Google+ London Architecture Blog: Week 11/13 Feature #4 St. Pancras Station

Saturday, 9 March 2013

Week 11/13 Feature #4 St. Pancras Station

St. Pancras Railway Station (St. Pancras International)
Architect: George Gilbert Scott (Station buildings and hotel) William Henry Barlow (station), Foster and Partners (masterplan), Chapman Taylor (refurbishment)
Date of completion: 1868 (Station) 1873 (Hotel and station buildings), 2007 (station refurbishment), 2011 (St. Pancras Renaissance Hotel Refurbishment)
Location: Euston Road, London Borough of Camden

St. Pancras is a railway station and hotel complex incorporating 15 railway platforms, Eurostar services, a five star hotel and a shopping complex. The station and hotel buildings are examples of Victorian Gothic architecture and are grade I listed.

St. Pancras Station was built to provide direct railway services from the Midlands, Yorkshire and the South East after routes into London became congested on the Great Northern Railway. Construction began in 1862 and was completed in 1868. William Henry Barlow was the engineer responsible for the design of the iron truss roof and George Gilbert Scott was the architect for the station buildings. Due to the surrounding topography the railways line enters St. Pancras at a raised level (12-17ft above ground) and the void underneath the lines was originally used for storage of beer, but is now used as a shopping complex. The hotel was constructed at the front of the site facing onto Euston Road between 1868 and 1873.

The station roof.

After key railway services were switched to nearby Euston in the 1920s questions were raised about the future of the station.

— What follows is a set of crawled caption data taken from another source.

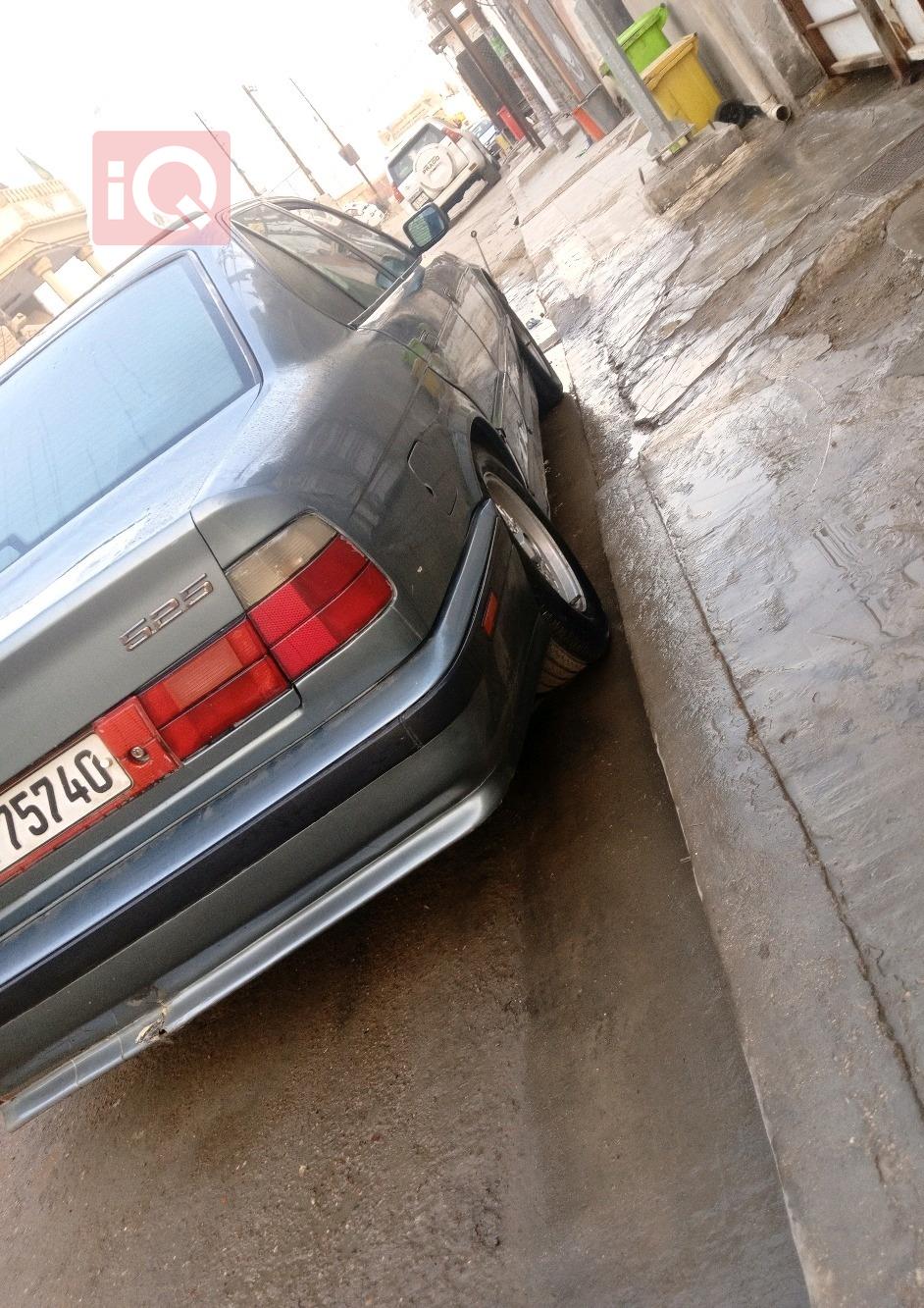 بي ام دبليو الفئة 3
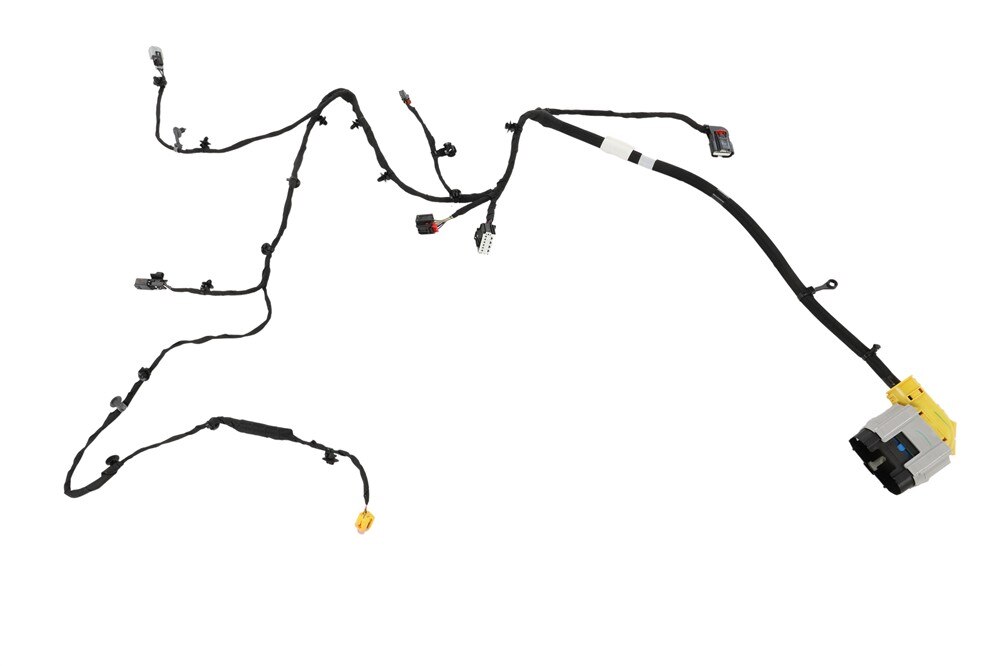 GM Genuine Parts Front Passenger Side Seat Wiring Harness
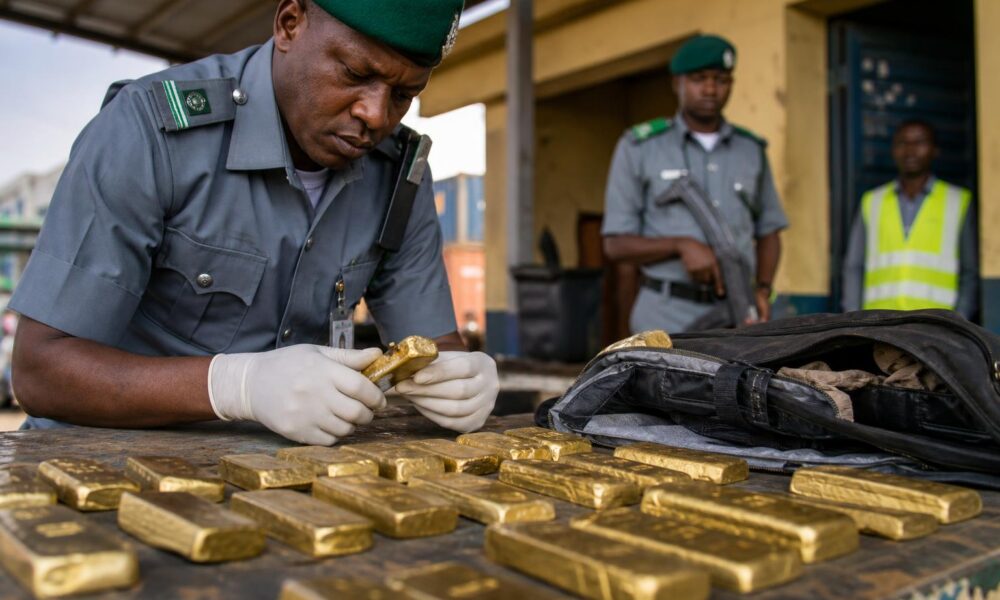 Gold smuggling drains African revenues as governments tighten controls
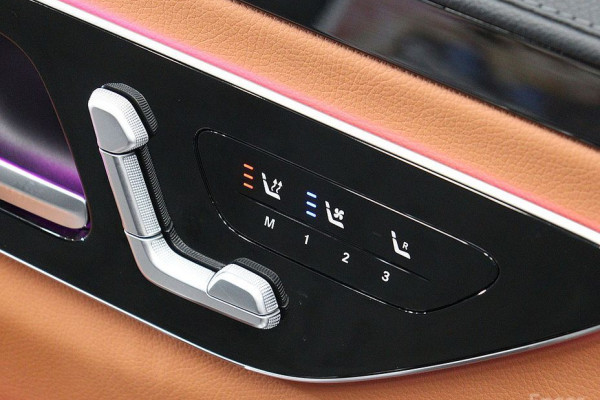 2022 Mercedes-Benz S-Класс с пробегом 85 825 км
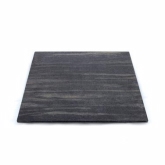Elite Global, Riser, Fo Bwa, Zebra Wood, Square, Melamine, 10" x 5 /8" H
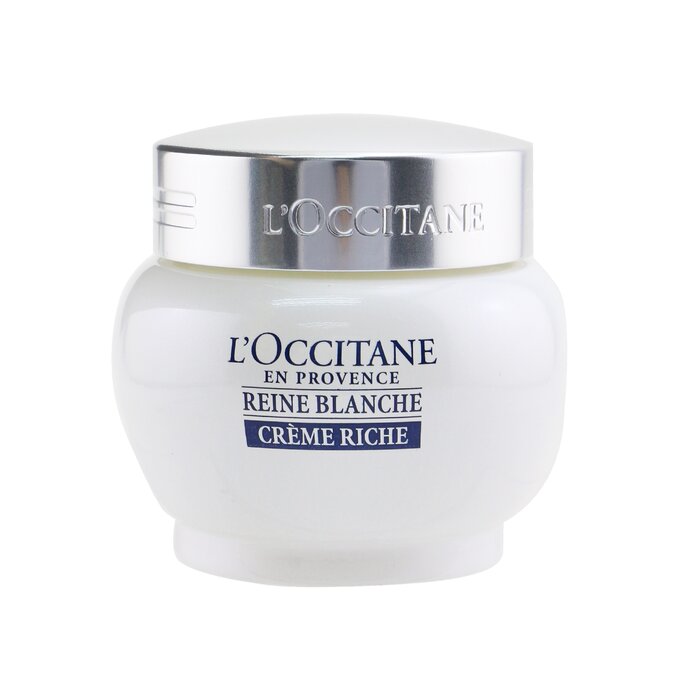 L'Occitane Reine Blanche White Infusion Rich Cream 50ml/1.7ozProduct Thumbnail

The hotel closed in 1935 and the building was used as offices for British Railways. The station was bombed during World War II and although it was brought back into use, it was not completely repaired until the recent refurbishment of 2007. Continuing in it's decline, there were plans to demolish the building in the 1960s again due to the development of, and consolidation of trains into Euston. John Betjeman, a poet led the campaign to protect it and his success is today marked by a statue of him inside the station.

With the redevelopment of East London in the 1980s and 1990s, the railway line carrying the Eurostar was redirected to enter from the East and use St. Pancras instead of King's Cross as it's terminal. London continental Railways took over the British arm of the Eurostar project and began to reconstruct St. Pancras. After plans were initially drawn up by Nick Derbyshire of British Rail, Foster and Partners (project led by Alistair Lansley) became the architects behind the masterplan for the station working with Bechtel, Arup, Systra and Halcrow.

Elevation detail. Photograph courtesy Barbara Rich.

In order to accommodate the larger Eurostar trains and additional platforms, an extension was built at the northern end of the station. Part of the extension was completed and in use by 2004 by Midland Mainline. The remaining part was completed in 2006 and in 2007, the first Eurostar train arrive from Paris into St. Pancras. The new station was officially opened by the Queen and the Duke of Edinburgh in November 2007.

The refurbished station with Eurostar trains. Photograph courtesy Barbara Rich.

The refurbishment and fitout works of the station were designed by Chapman Taylor Architects. The former Midland hotel (now the St. Pancras Renaissance Hotel was also refurbished between 2006-2011 by Richard Griffiths Architects.

Detail of a capital. Photograph courtesy Barbara Rich.

Note: This article primarily covers St. Pancras station and does not concentrate on the hotel (now known as St. Pancras Renaissance Hotel and previously the Midland Hotel). It is anticipated that this will be covered at a later date.